A human life is so complicated; it's hard to capture in words. It's even harder if their histories are lost.

My mom wanted to be a writer but never felt confident that she should even try, so she encouraged me. Unfailingly, she encouraged me. I wish, though, that she had written her own stories. She's been gone now for over a decade, and there are little half-remembered flitters and shadows of her stories in my mind, and there is absolutely nobody I can talk to or consult to put the missing pieces together.

***

I've been thinking more about my mother this morning. Her father Henry died at the age of 21 when her teenaged mother Aileen was pregnant. Aileen, who had been orphaned a few years before when her father shot her mother and then himself, gave my infant mother to Henry's mother and sister to raise.
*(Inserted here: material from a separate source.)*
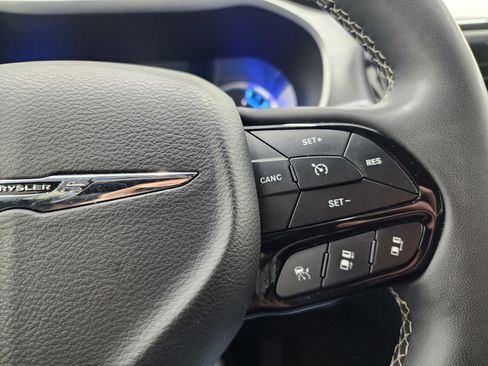 Used 2024 Chrysler Pacifica Limited image 14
This was right at the start of the Great Depression.

My mother loved her family with all her heart but based on the stories she told, they treated her fairly poorly. Times were hard for everyone, but she was not a priority for them. They made sure that she knew that she owed them. And, based on the people I've met, many of Henry's relatives were the worst sorts of Muggles. I'm not really sure how that lot could raise a lovely, intelligent, good-hearted person like her, but they did.

She suffered a great deal because she didn't have a father to raise her and protect her.

My grandfather Lee abandoned my father and his mother either while she was pregnant or shortly after he was born. And my father suffered even more than my mother did; he got shuttled from house to house and had to fend for himself at an extremely young age. By all reports, his grandmother was a great lady, and she raised him for several years. His mother, though highly intelligent and a skilled nurse, was a partier who didn't have a lot patience for raising a child. She was married and divorced four times, and none of those men were plausible father figures. My father spent a big chunk of his teen years hunting down his stepfather Conrad in whatever bar he was passed out in, dragging him to the car, and bringing him home.

(Tangent: I give a huge side-eye any time someone starts talking about how much more moral and upstanding American society was back in the 1930s - 1950s, because family stories -- the kind they tell you when you're an adult -- do not support that at all. People were awful to each other back then.)

Growing up without a father was one of the things my mother and father bonded over. My mother firmly believed that *any* father, even a flawed one, was better than none. She had solid reasons for believing this.

However. If you stay with an abusive person, that's going to model abuse and normalize it for your kids. Inevitably. Doesn't matter how smart and insightful your kids are; some of that is going to stick as bad life lessons. If your spouse hits you and you just roll with it, or excuse it, that's showing your kids that being physically violent towards loved ones is acceptable behavior. If you stay married to a narcissist or sociopath, your kids are going to grow up thinking that narcissistic and sociopathic behavior is pretty normal. It's going to lessen their own ability to make good relationship choices because terrible choices seem familiar to them.

I knew that my father's behavior was unacceptable. But I didn't fully understand the extent of it until I was in my 30s when I happened upon an article about narcissistic personality disorder, and things started to fall back into place. And I looked back on my own dating history, and sure enough: I'd dated my share of narcissists in my 20s. Not for long, thank goodness, but this happened despite my determination to avoid anybody who would treat me like my father treated my mom. I just couldn't see the signs because they seemed so normal to me.

The worst, for me, were the terrible lessons about how to handle relationships and relationship conflict. I had to unlearn a whole lot of bad stuff, and all that is a work in progress.